The rain beats harshly against the plane as it ascends rapidly through the polluted air above England. The plane shakes like a kite that's been abandoned and given to wind as a token of respect, the air currents playing with in that particularly cruel way seven-year-olds torture insects just to see how far they can get with it before they kill the poor creature. Layers of cloud seem impenetrable, like concrete or petrified cotton smeared with oil, dark and unattractive. It seems as if the plane is about the crash into the sky.

But it doesn't. It cuts through the oily clouds like a bullet through dirty gauze, until the cockpit falls silent as rain is suddenly left below them and the sky becomes the ground. The only remaining traces of the storm that is currently bullying the Earth below them are fast-fleeing raindrops that slide off the wings and windows and the cacophony of thoughts in Sherlock's head that sounds very much like sharp beating of rain against every surface available to touch. Deposited in Sherlock is the essence of the turmoil that is now just a distant memory below the plane's belly, layers upon layers of dirty, grey weather festering like an infection in the wounds in the sky.

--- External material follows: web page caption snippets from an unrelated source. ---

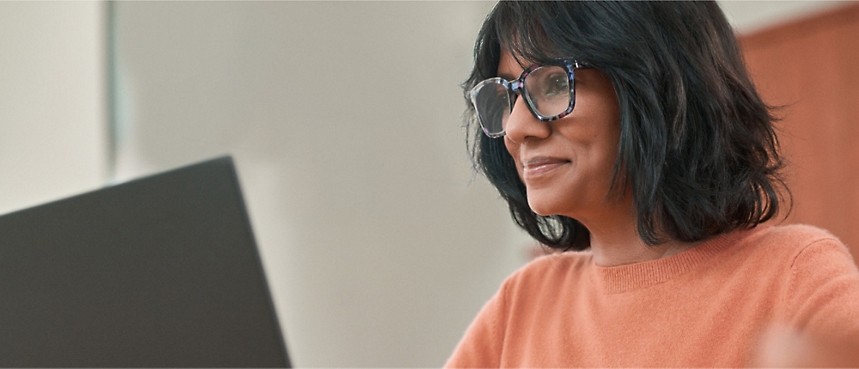 A person wearing glasses and a orange shirt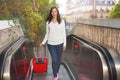 Beautiful woman with suitcase going up escalator Royalty Free Stock Photo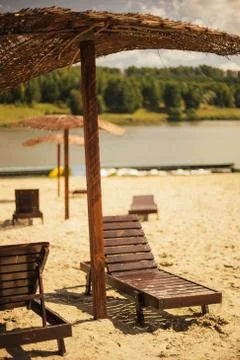 Wooden lounge and tropical umbrella at the sandy beach Stock Photos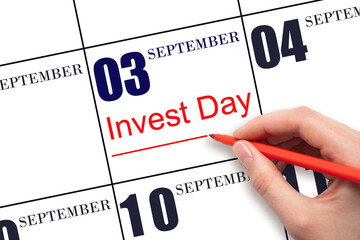 Hand drawing red line and writing the text Invest Day on calendar date September 3. Business and financial concept.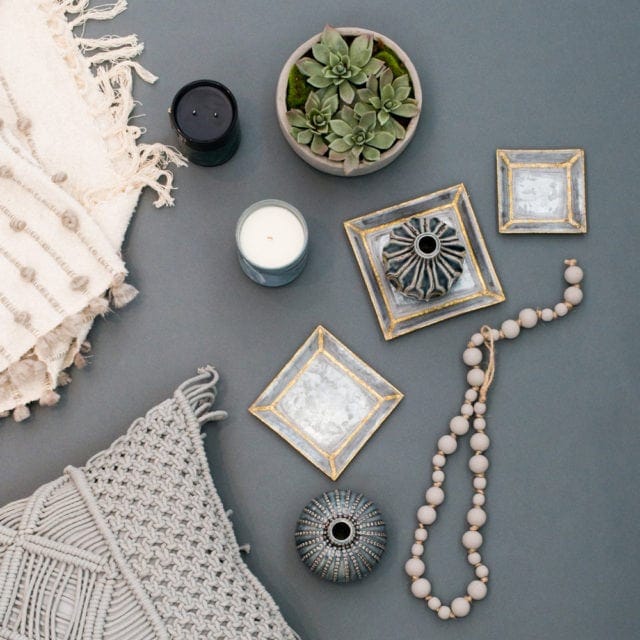 Flat lay of decorative items including a macrame pillow, textured throw blanket, two candles, a potted succulent, decorative frames, a beaded necklace, and two ornamental objects.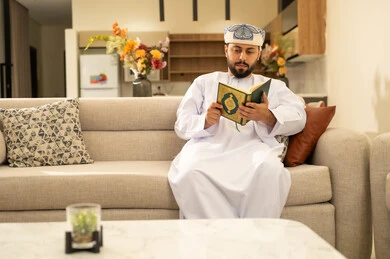 Drawing closer to the Lord of the worlds, reading and memorizing the Holy Quran, an Arab Gulf Omani man wearing a dishdasha and turban sits on the sofa in the living room reading the Holy Quran, reciting the Book of Allah, striving and being humble in worship.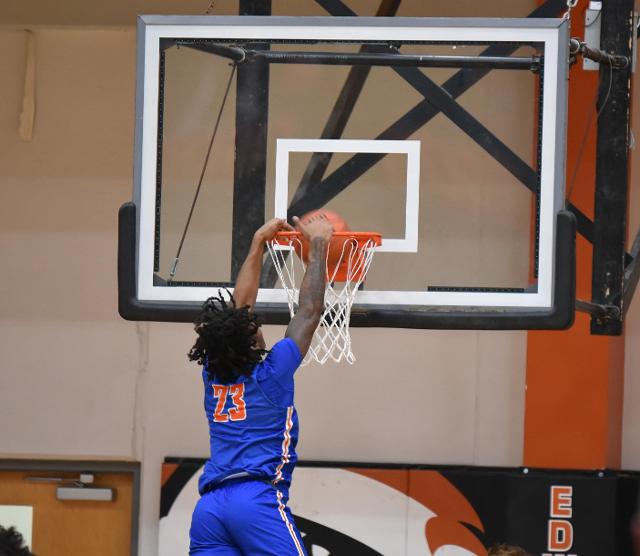 The Flyers' Macaleab Rich goes in slam dunk against the Tigers on Friday night. (Photo by Dan Brannan)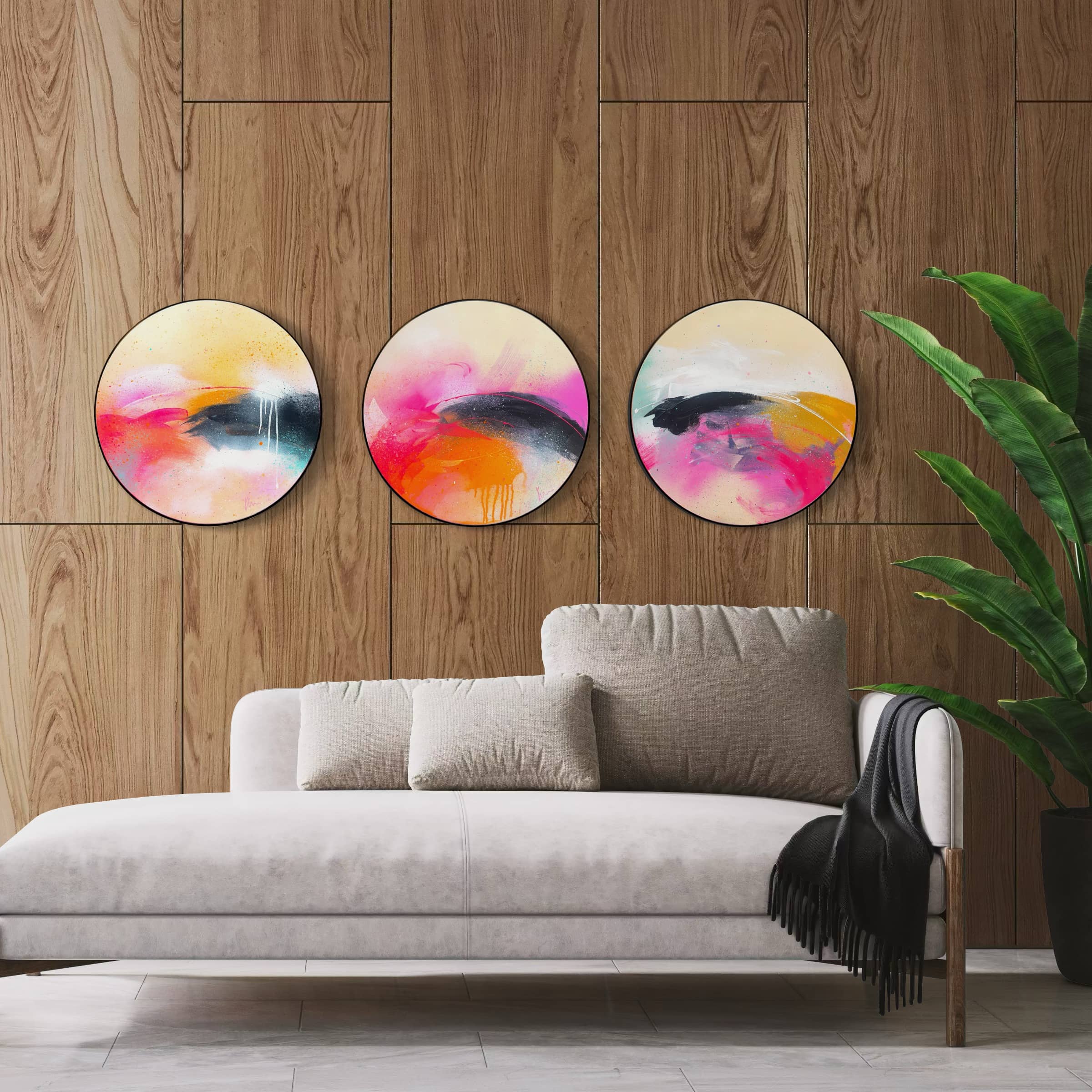 Modern living room with a grey sofa, large plant, and Move On Up by Kate Mayer on a circular plywood panel.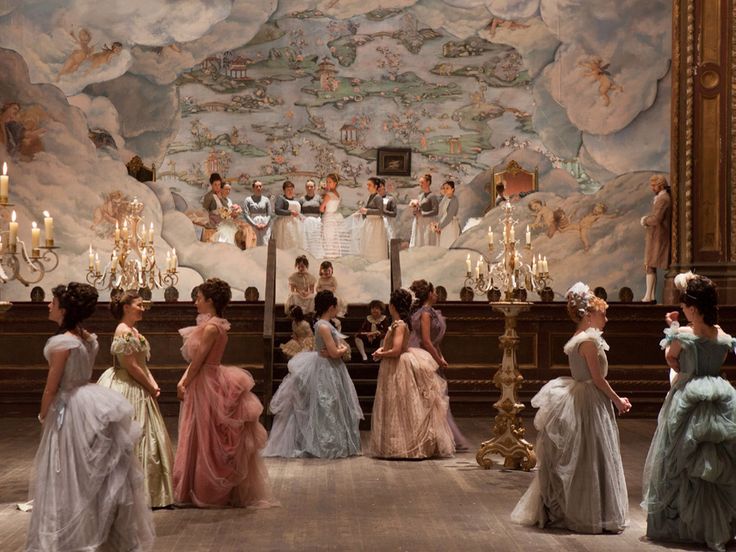 a group of women standing in front of a wall with chandeliers on it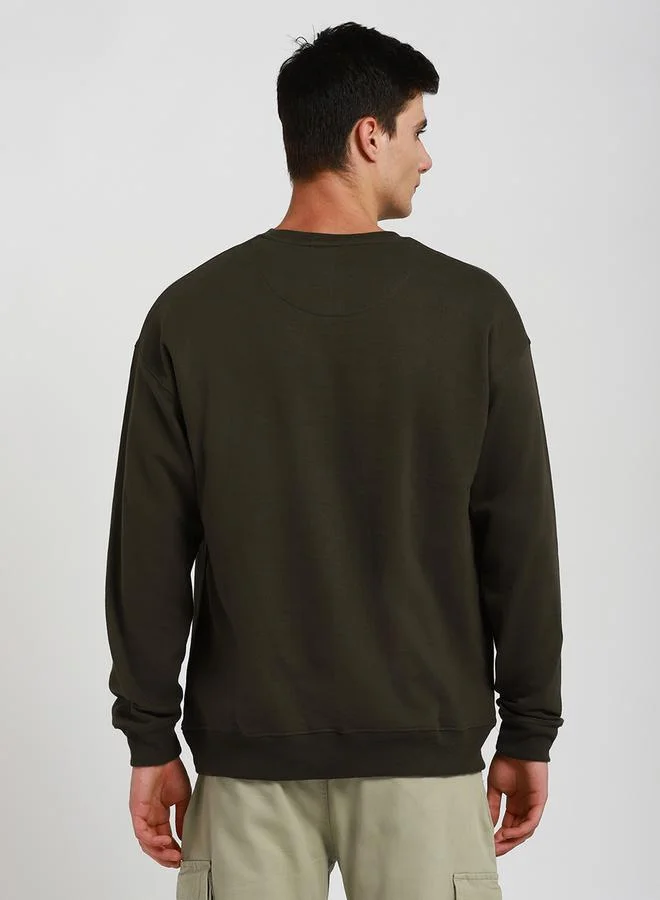 Dennis Lingo Relaxed Fit Solid Sweatshirt with Dropped Shoulder by Styli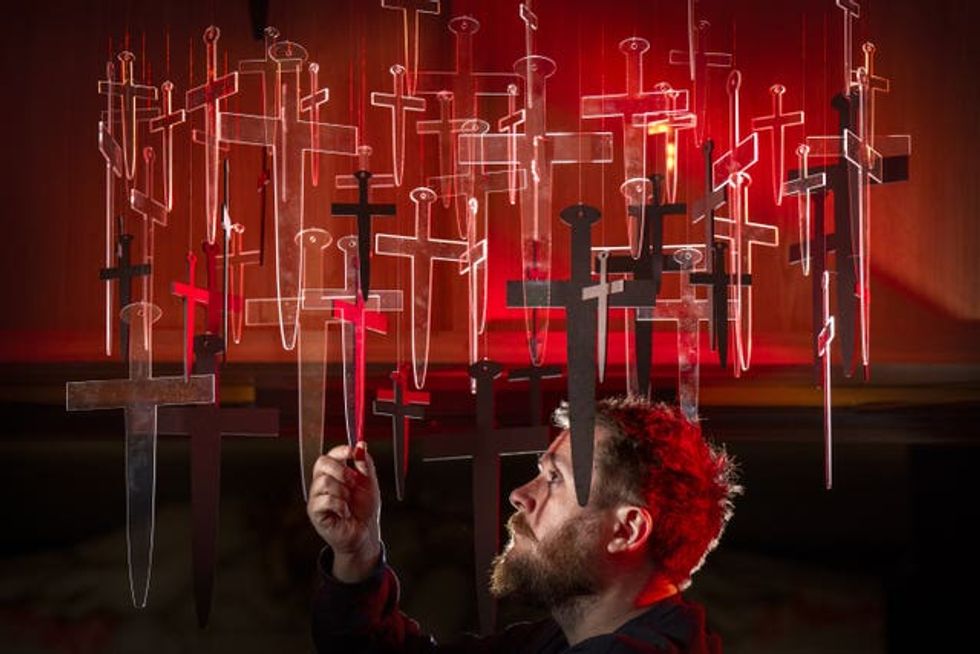 Man touching an exhibition of crosses in front of a red background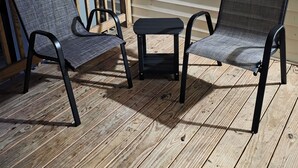 A wooden deck with two chairs and a small table. - Padgett Peaceful Acres (Andalusia)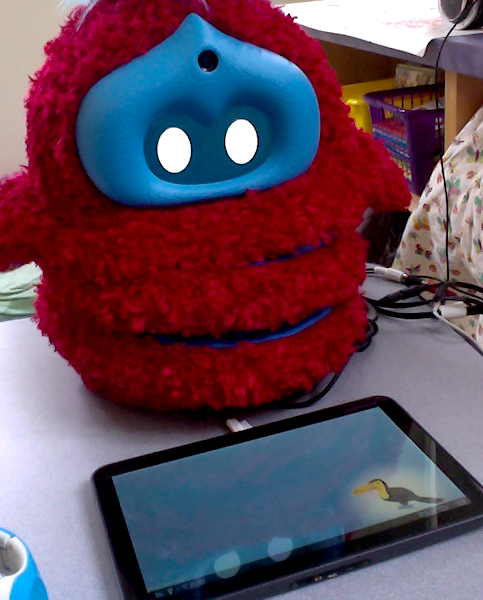 A fluffy red robot sits behind a tablet, which is laying on a table
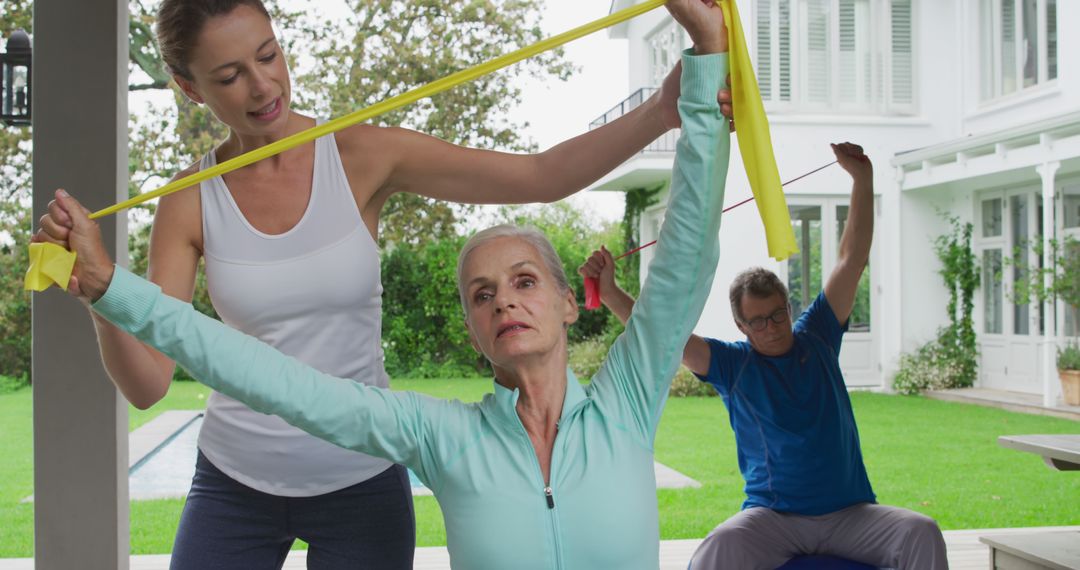 Senior Woman Exercising with Trainer Using Resistance Bands Outdoors - Free Images, Stock Photos and Pictures on Pikwizard.com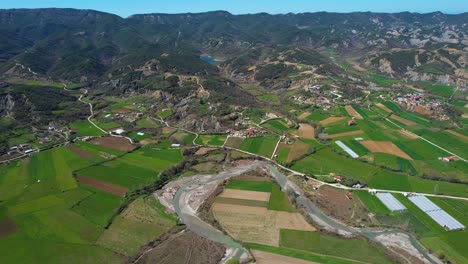 River-Meanders-Through-Verdant-Agricultural-Lands-Surrounding-the-Village-in-the-Beautiful-Valley-in-Albania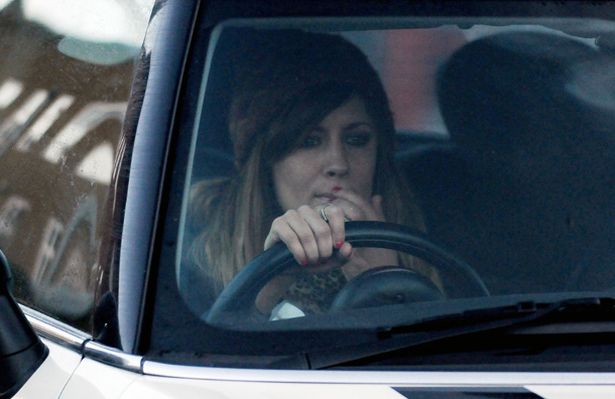 Caroline Flack looks tearful after saying goodbye to Harry Styles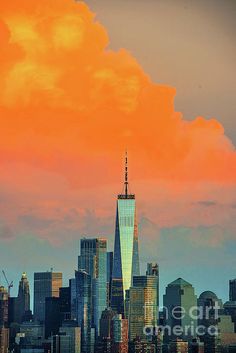 an orange and pink sky is over the cityscape in new york's financial district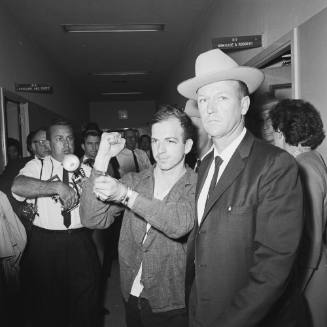 Image of Lee Harvey Oswald in handcuffs at the Dallas police headquarters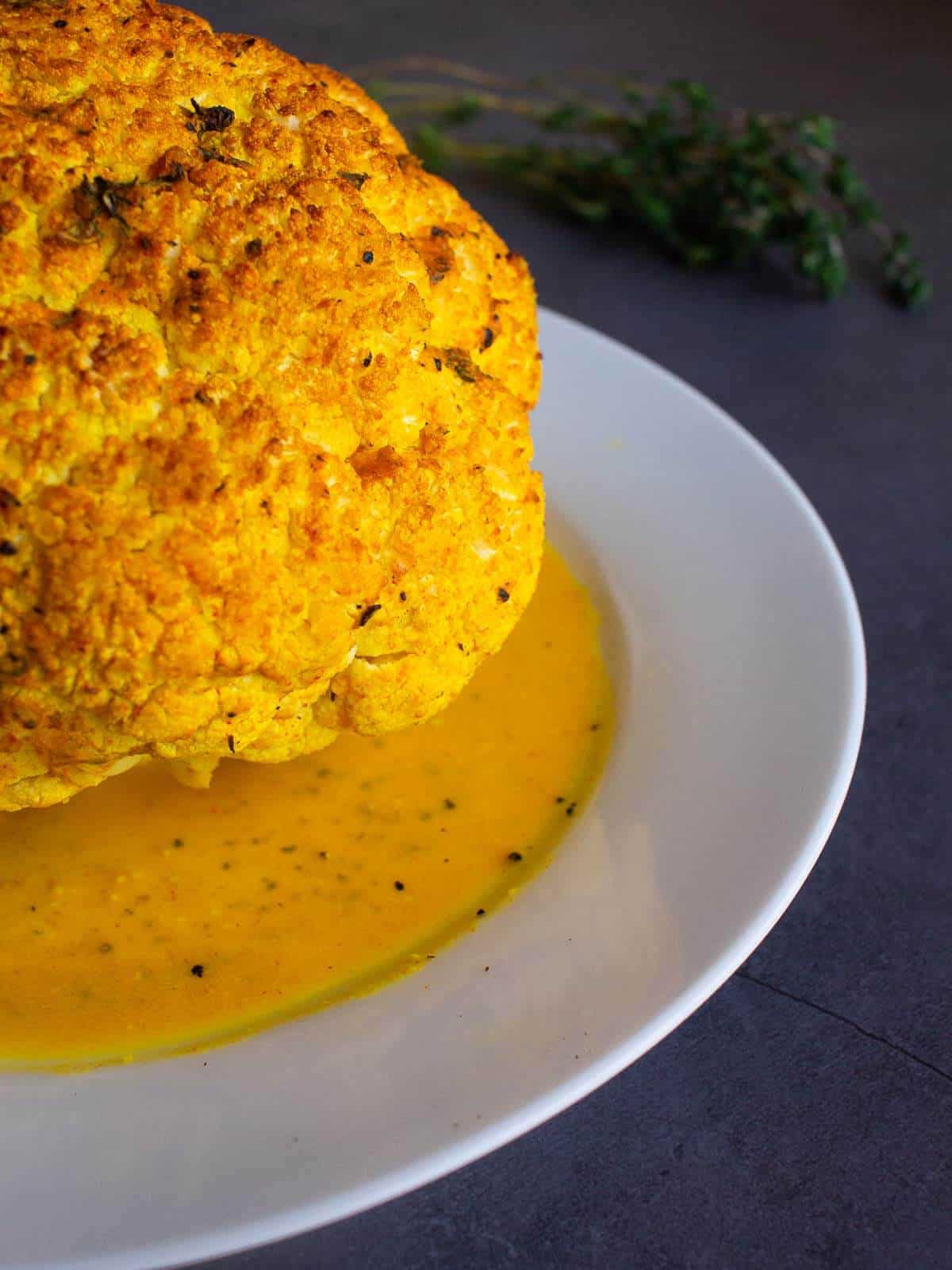 Spiced Roasted Cauliflower with tahini served with all its juices on a white serving plate.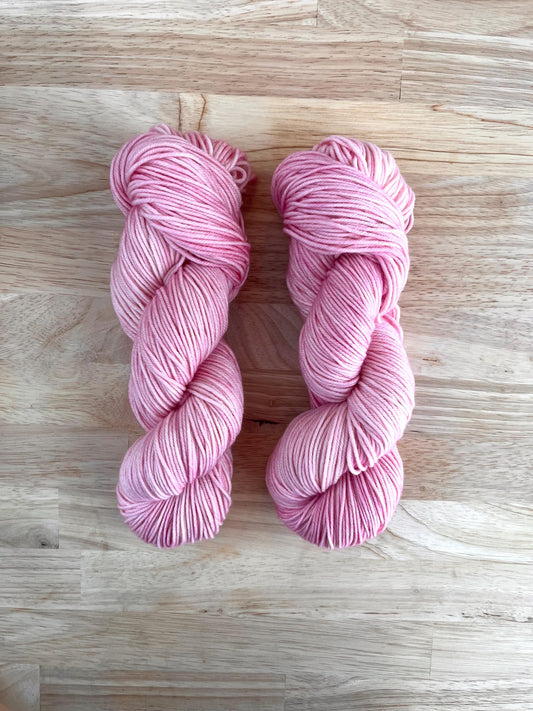 Skeins of tonal pale pink hand dyed merino yarn arranged against a wood background.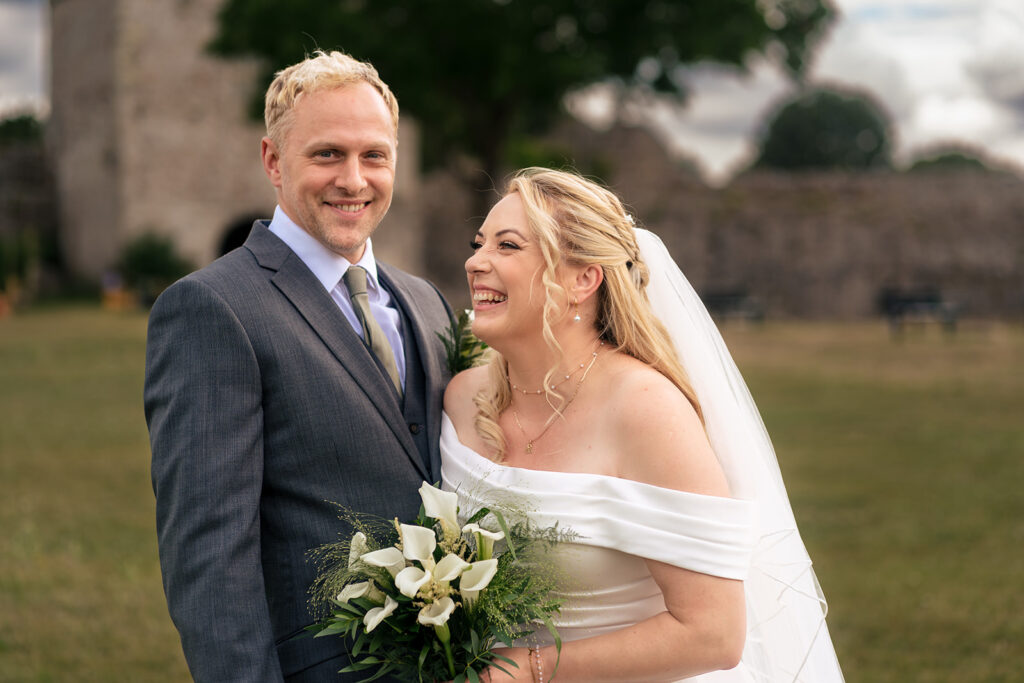Newlyweds sharing a laugh at St Mary’s Church, Portchester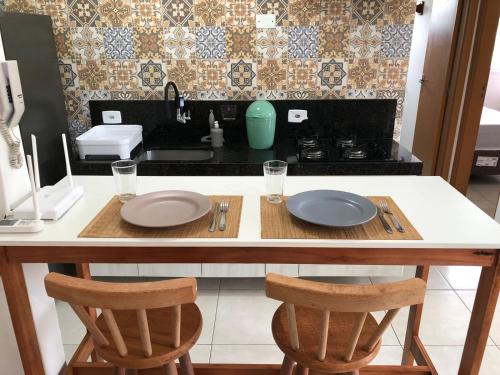 a kitchen with a table with two plates on it at Recanto Salgando a Alma in Ubatuba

Lost in thought, Sherlock's unseeing gaze is trained on his hands, the pointer finger of his right hand worrying the skin around the nail of his thumb. Such delicate, thin skin, that folds and wrinkles like cheap nylon with each sweep of fingertips. Sherlock remembers how even that part of him ached in the thick of detox, pain inflicted by an invisible tormentor from within his body. At times it was a sharp pain, like the one of a cigarette being extinguished on living flesh, while at others it turned into a duller, all-encompassing pain that seemed to weave itself all around, pulsing through him with each heartbeat, as if it was linked to his blood cells alongside oxygen. The former kind warranted screams and moans and writhing, but the latter was almost a constant condition, a baseline at which he was forced to exist. It was far more difficult to endure.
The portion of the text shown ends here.